===== DATA UNDER STUDY =====

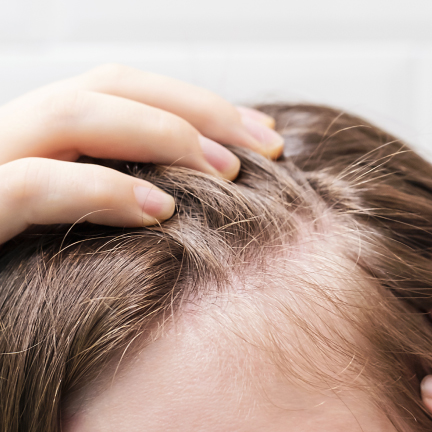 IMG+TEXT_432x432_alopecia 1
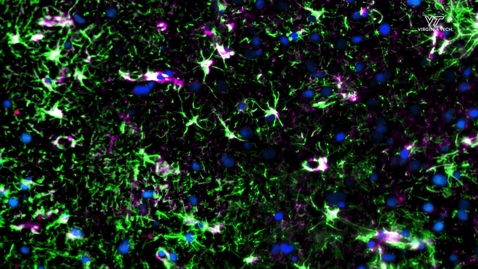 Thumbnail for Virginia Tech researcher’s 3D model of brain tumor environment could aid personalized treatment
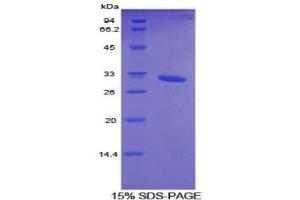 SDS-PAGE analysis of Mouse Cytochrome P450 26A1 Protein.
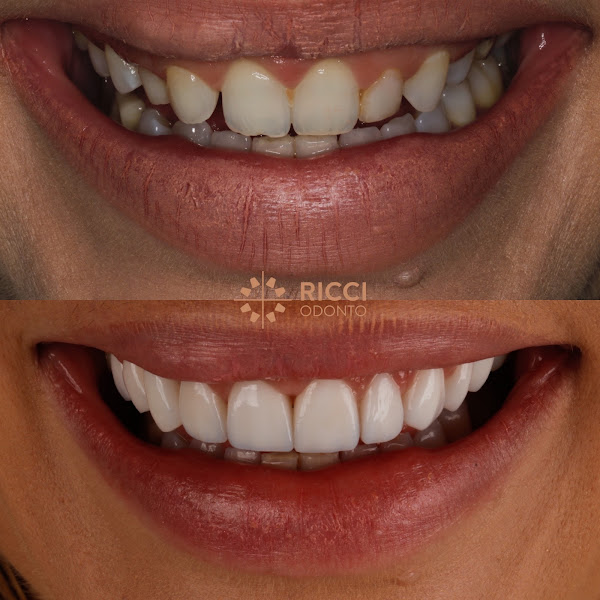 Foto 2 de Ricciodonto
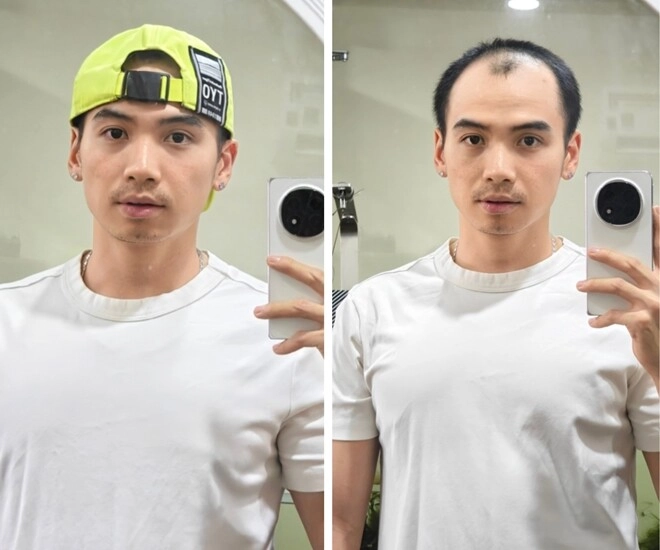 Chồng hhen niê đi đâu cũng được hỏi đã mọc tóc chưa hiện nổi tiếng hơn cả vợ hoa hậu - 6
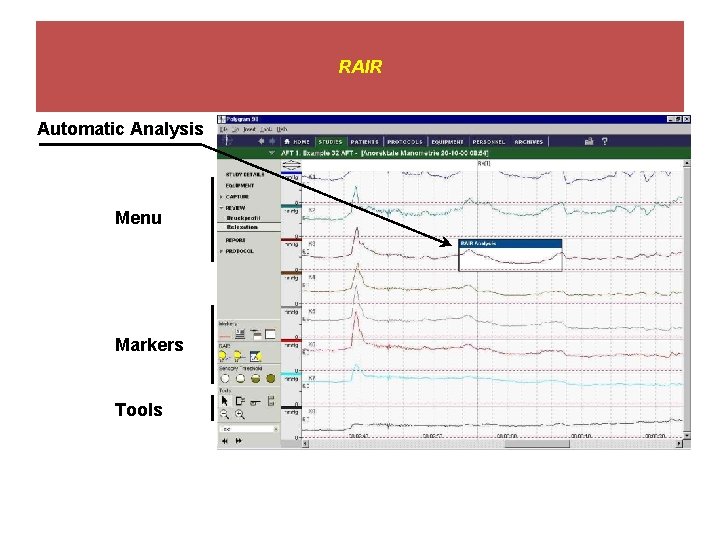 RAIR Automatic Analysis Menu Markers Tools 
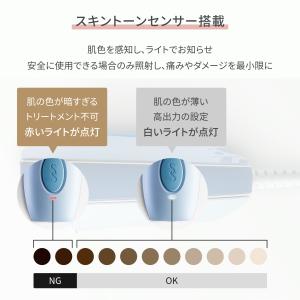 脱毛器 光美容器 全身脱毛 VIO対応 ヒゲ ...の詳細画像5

=====

** TASK PROMPT **
Your reply should give again exactly the lines from the one with "Chồng hhen niê" through the last line of the data, with both ends included and pictures left out.

** EXPECTED OUTPUT **
 Chồng hhen niê đi đâu cũng được hỏi đã mọc tóc chưa hiện nổi tiếng hơn cả vợ hoa hậu - 6
 RAIR Automatic Analysis Menu Markers Tools 
 脱毛器 光美容器 全身脱毛 VIO対応 ヒゲ ...の詳細画像5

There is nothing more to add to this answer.